His discography divides opinion. There is one recording he made, however, that whets all appetite over sixty years after it was made. Definitive accounts of Ravel’s Piano Concerto and Rachmaninov’s Fourth Concerto coincided on one disc. Both of these performances exhibit dazzling technique, a masterful and sculptured control of emotion, and relish in each piece’s architectural form. Before all else, Michelangeli supposes joy and life, and offers exquisite, sheer beauty.

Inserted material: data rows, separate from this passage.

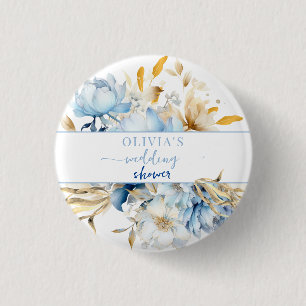 Etwas Blue Floral Gold Polterabend Button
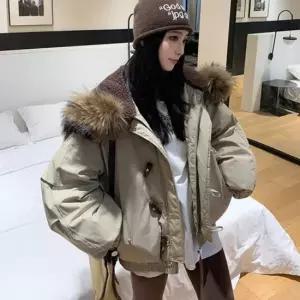 친절한탄씨 간절기 바람막이 숏점퍼 떡볶이단추 후드퍼 여성아우터점퍼 바람막이점퍼 자켓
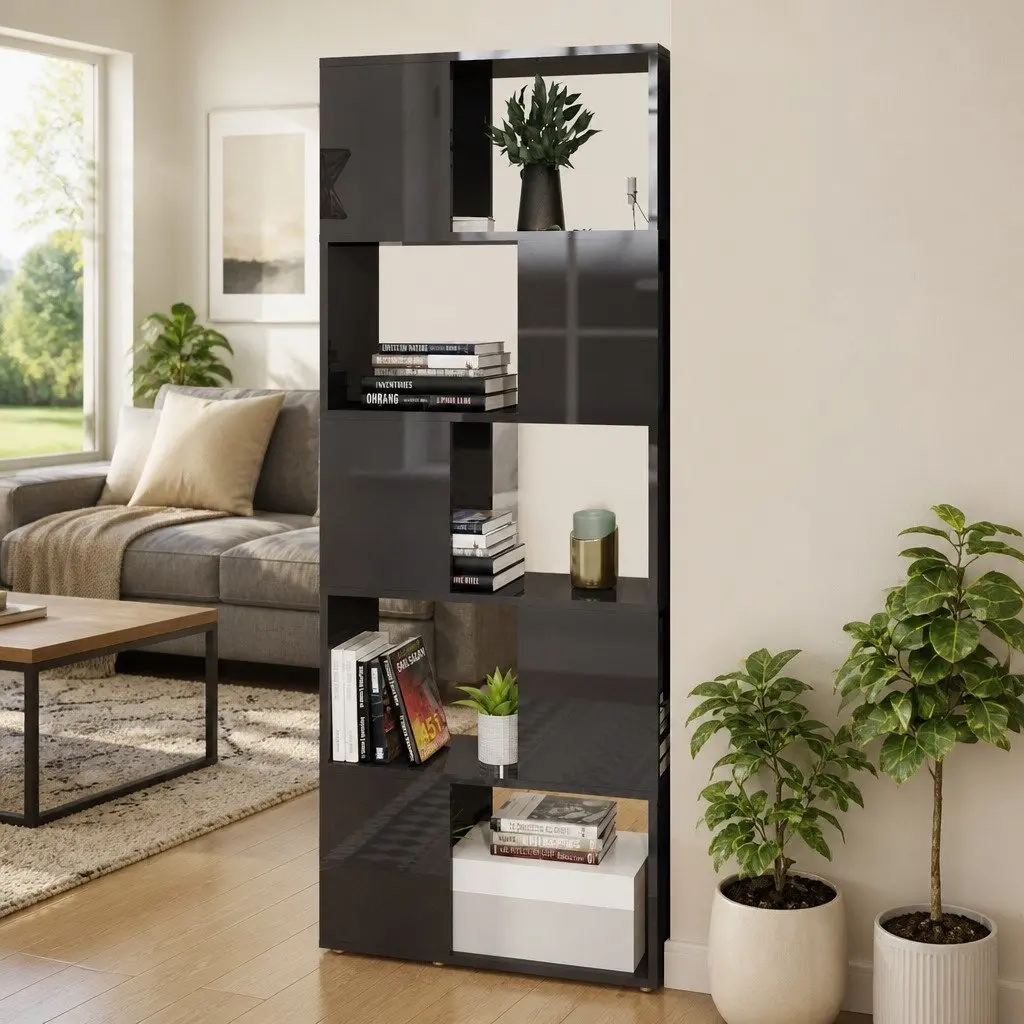 Book Cabinet Open Shelf High Gloss Grey 60W x 24D x 155H cm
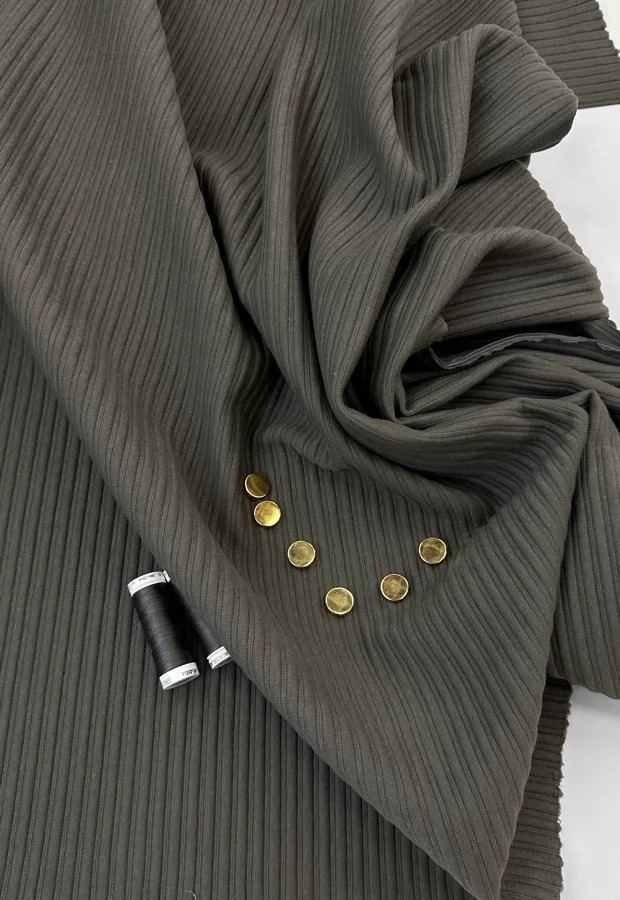 Для ценителей фактуры: плотный хлопковый трикотаж в широкий рубчик 💖 - Ткани FF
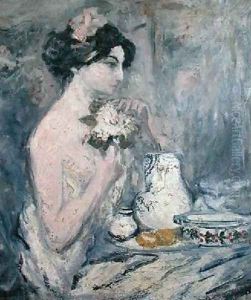 Woman with a Bouquet by Pierre Laprade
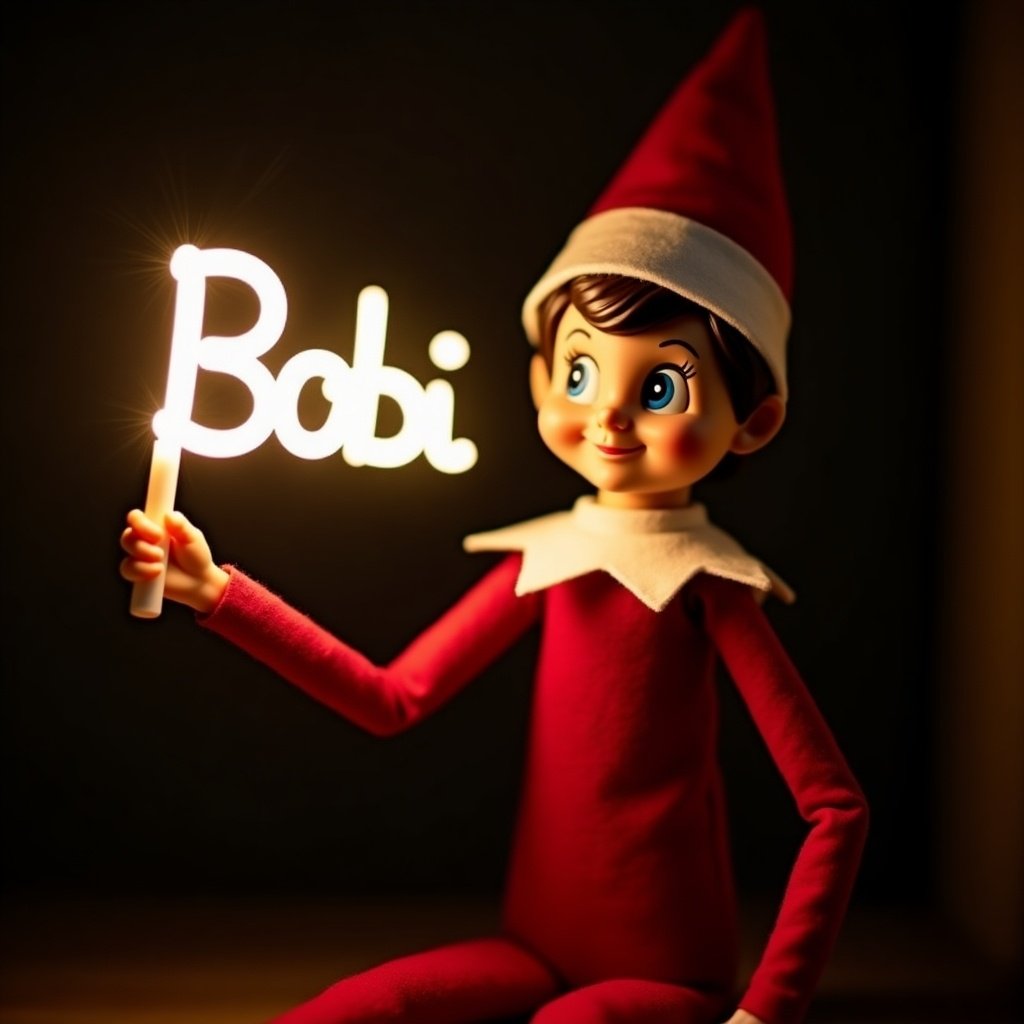 Image features an elf character dressed in red and white. Elf holds a glow stick spelling 'Bobi' in soft light. Dark background enhances glowing effect. Creates warm, festive atmosphere.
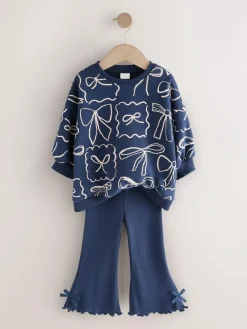 Outlet Next Navy Bow Print Sweatshirt & Flare Leggings Set (3mths-7yrs)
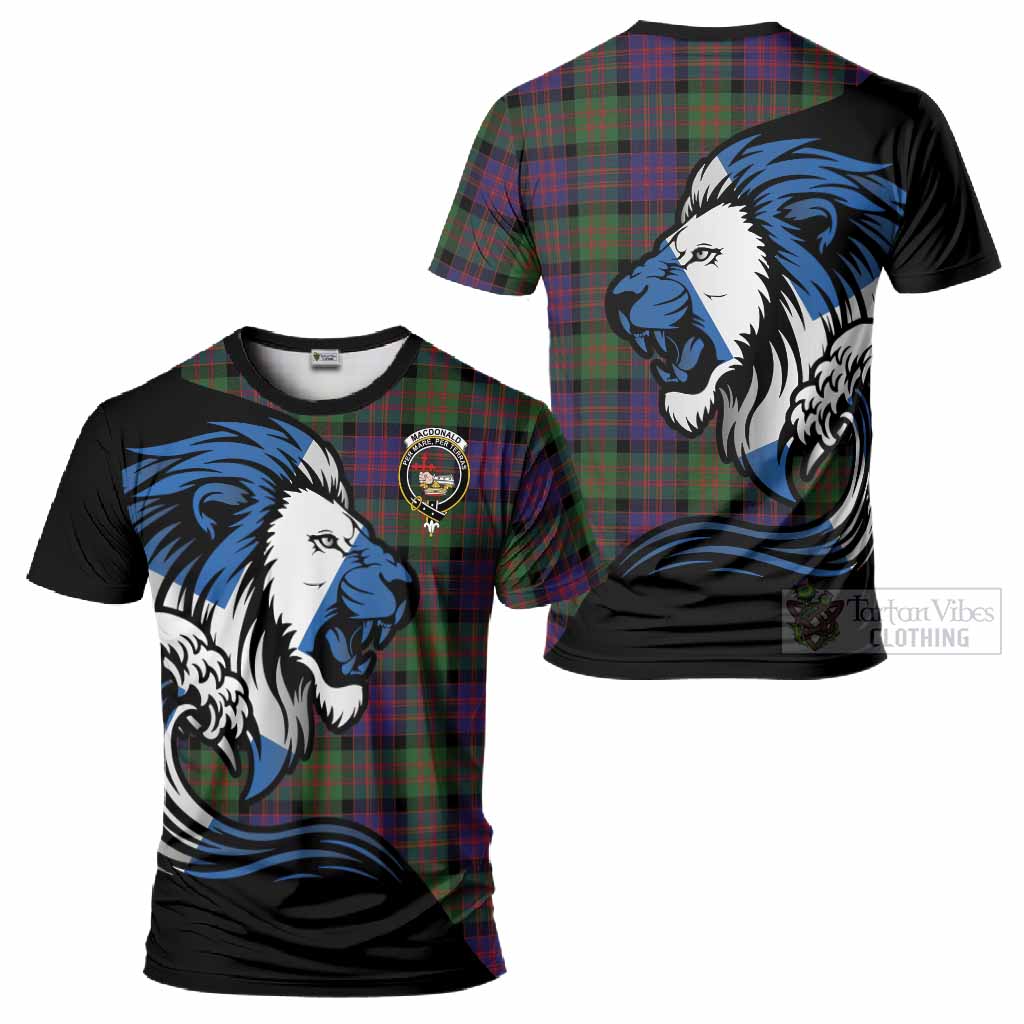 MacDonald (McDonald) Tartan Crest T-Shirt Scottish Golden Lions Wave Flow
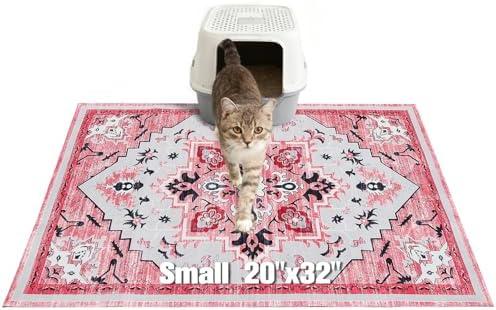 EXPAWLORER Cat Litter Mat, 20”x32” Small Non-Slip Urine Waterproof Litter Trapping Mat Easy to Clean Washable Litter Box Mat for Floor Soft on Kitty Paws, Indoor Food Mats Rug Pads for Bathroom Pink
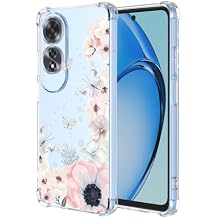 for Oppo A60 4G Case with Clear Floral Pattern,Shockproof Soft Case for Oppo A60 4G,Pink Flowers Butterflies,A60 4G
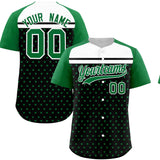 Custom Black Kelly Green-White Raglan Sleeve Personalized Star Print Authentic Baseball Jersey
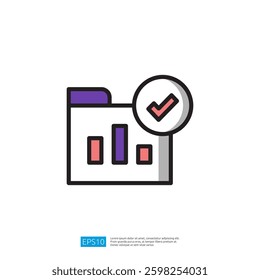 Icon of a Confirmed Data Analytics Folder with Checkmark and Bar Chart Illustrating Successful Business Evaluation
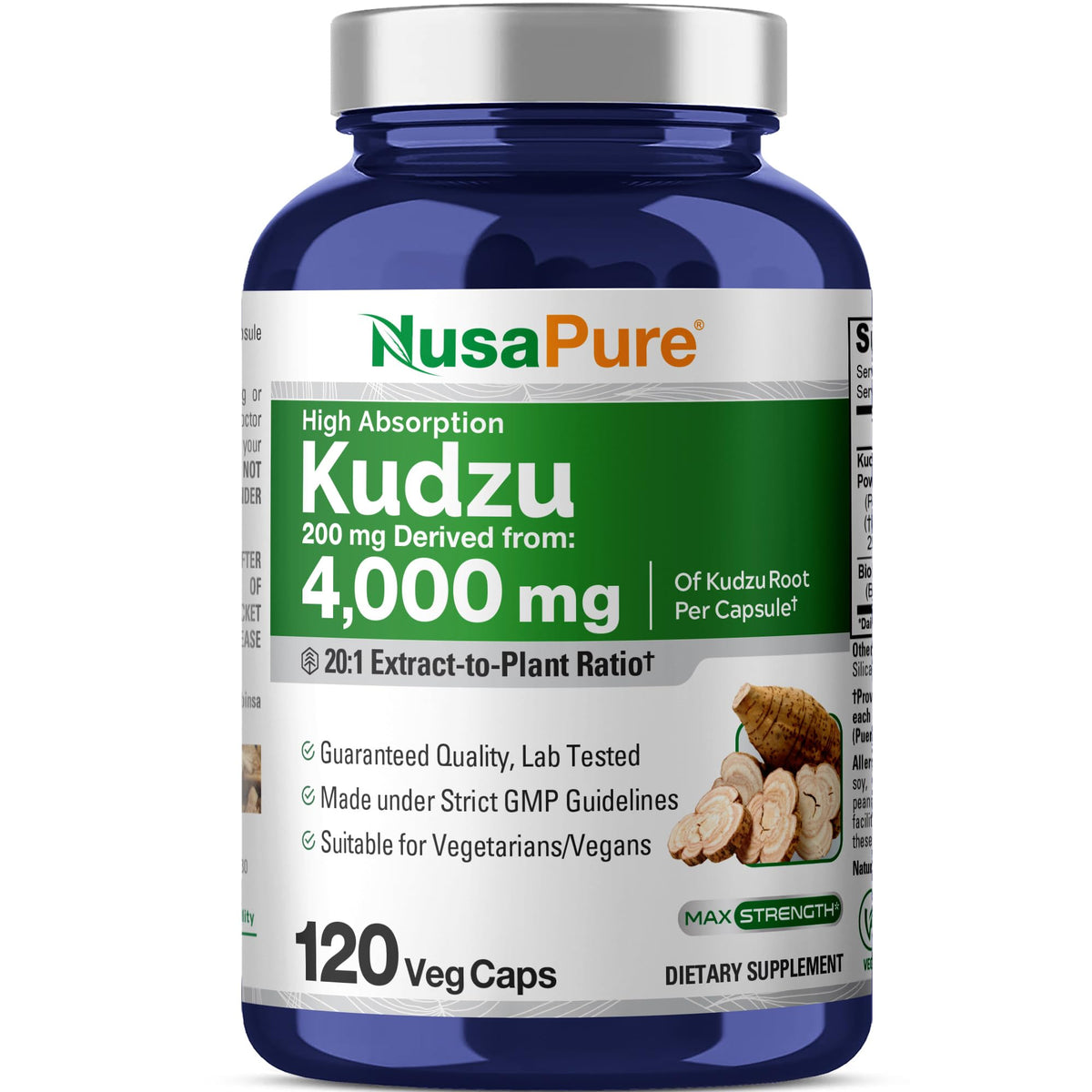 NusaPure Kudzu Root 20:1 Extract, 200 mg Equivalent to 4,000mg - 120 Veggie Capsules (Non-GMO, Vegan, Bioperine) NusaPureBuy Supplements Australia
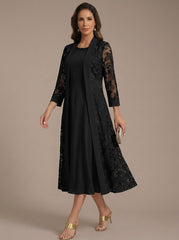 A Line Princess Scoop Chiffon Mother Of The Bride Dresses With Lace Jacket 3 4 Sleeves Tea Length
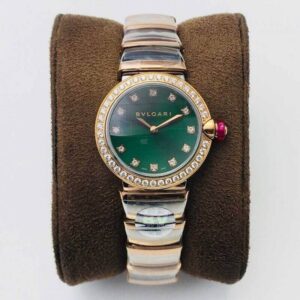 Replica Bvlgari LVCEA BV Factory Diamond-set Green Dial Watch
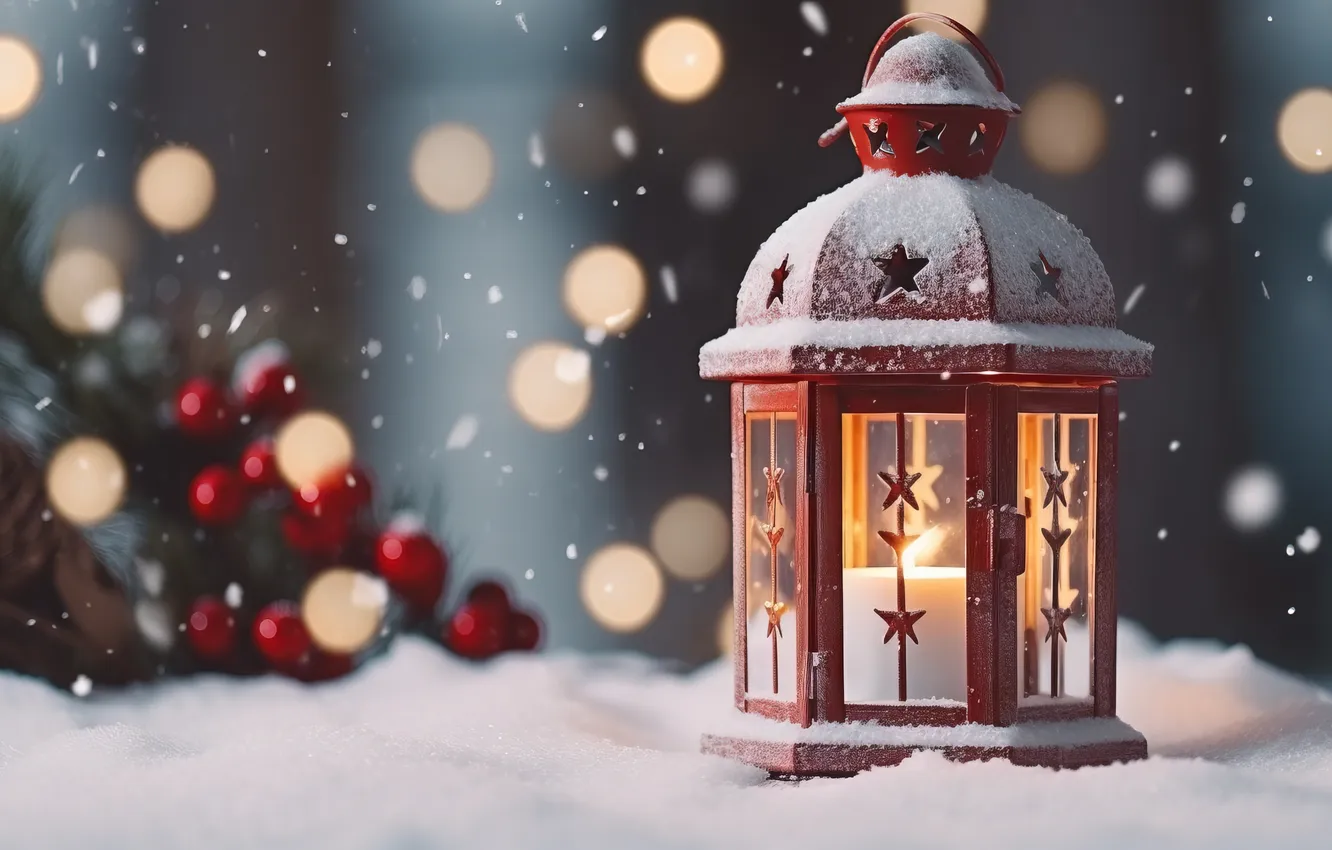 Photo wallpaper winter, snow, night, new year, Christmas, lights, Christmas, night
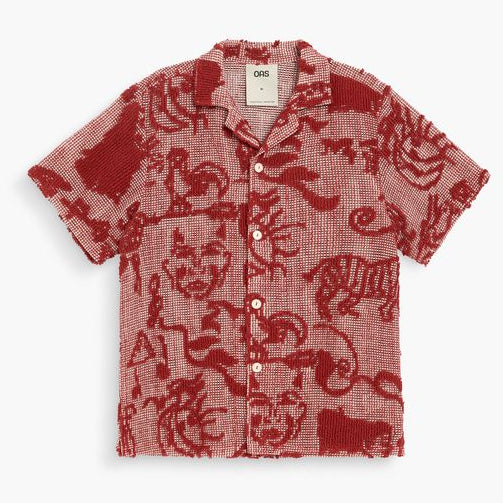 Red patterned shirt on a white background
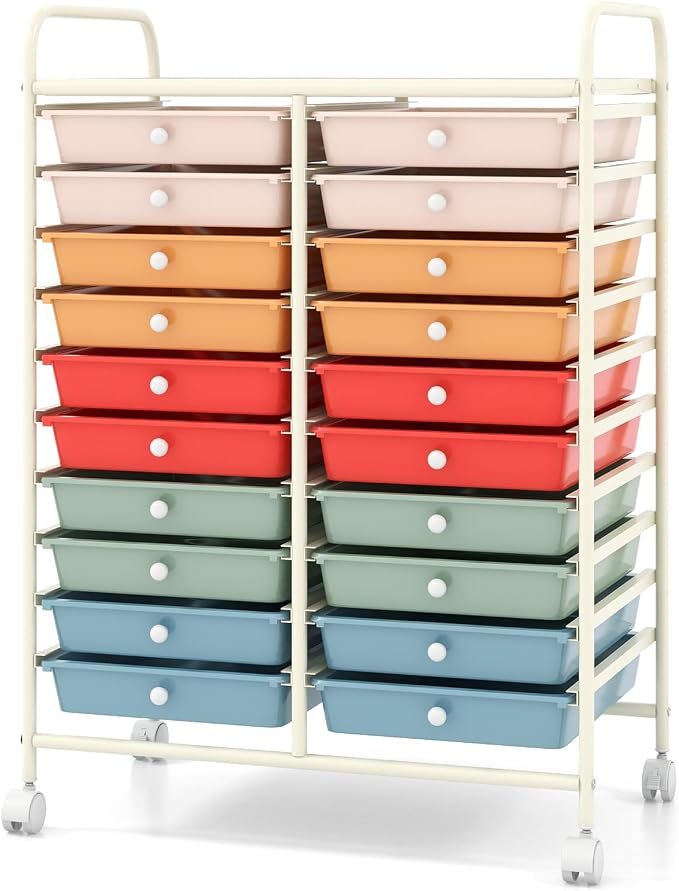 20 Drawer Rolling Storage Cart, Art Cart Organizer with Wheels for Makeup, Tool, Paper, Multipurpose Craft Storage Cart with Drawers for Office, Home, Classroom, School (Macaron Color)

A video recording of one of his performances of the Ravel Concerto with Sergiu Celibidache conducting the London Symphony Orchestra survives. It was recorded at the Royal Festival Hall in 1982. The Romanian conductor Celibidache saw Michelangeli as a brother, both of individuality and of musicianship; he was perhaps the most skilful of all the great conductors at accommodating Michelangeli’s foibles. Like many others of his generation, Celibidache was found rarely in a recording studio. He believed in the creativity of the moment and, not surprisingly, was best savoured live (and I am pleased that I did get to see him). His skill as mime artist was considerable, though it never outshone the magic he weaved with his baton. Near the end [8’30”] of this video, for example, his face basks in a ray of heavenly sunlight, only to turn immediately and savagely on an errant cellist.
If Celibidache was a hi-fi refusenik, I guess Michelangeli was just disdainfully different, the sort of guy who’d turn up at a teddy boy convention sporting winklepickers. He couldn’t help it. Individualism has that way about it. I am inclined to sink into the eccentricity and extravagance of Michelangeli and adore it, knowing full well that his temperament was such that he would have worn hobnail boots if a member of the corps de ballet. Yet here, with this recording of Ravel, Michelangeli gets it impossibly right and settles instead for angel’s slippers.